TASK OBJECTIVE => Could you transcribe exactly the lines below, from the line with "Yunus Mallı'nın menajerinden" through the line with "라팔 스텐레스 라면포트 1.0 블랙", and nothing else, leaving out the pictures?

DATA IN THIS EXERCISE =>
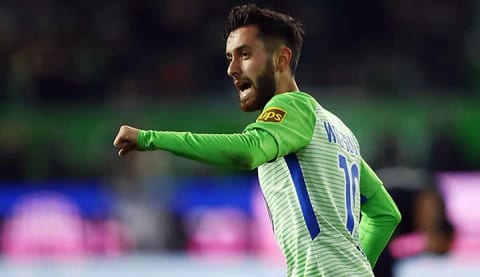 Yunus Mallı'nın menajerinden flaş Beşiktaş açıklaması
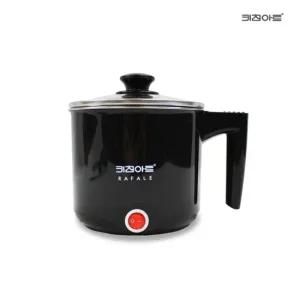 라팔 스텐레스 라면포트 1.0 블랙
* * *
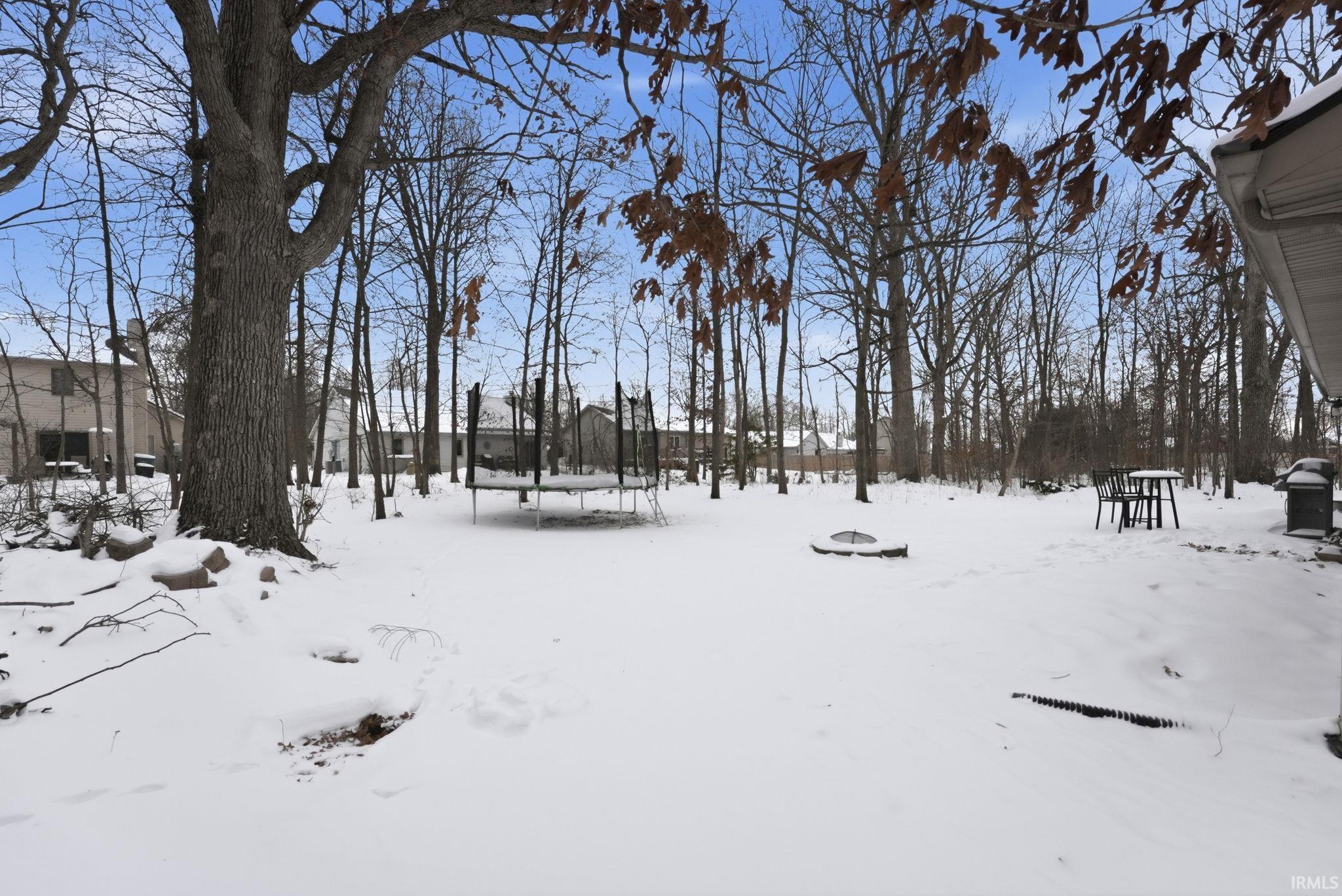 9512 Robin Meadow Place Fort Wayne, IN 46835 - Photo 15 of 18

ANSWER BOX =>
 Yunus Mallı'nın menajerinden flaş Beşiktaş açıklaması
 라팔 스텐레스 라면포트 1.0 블랙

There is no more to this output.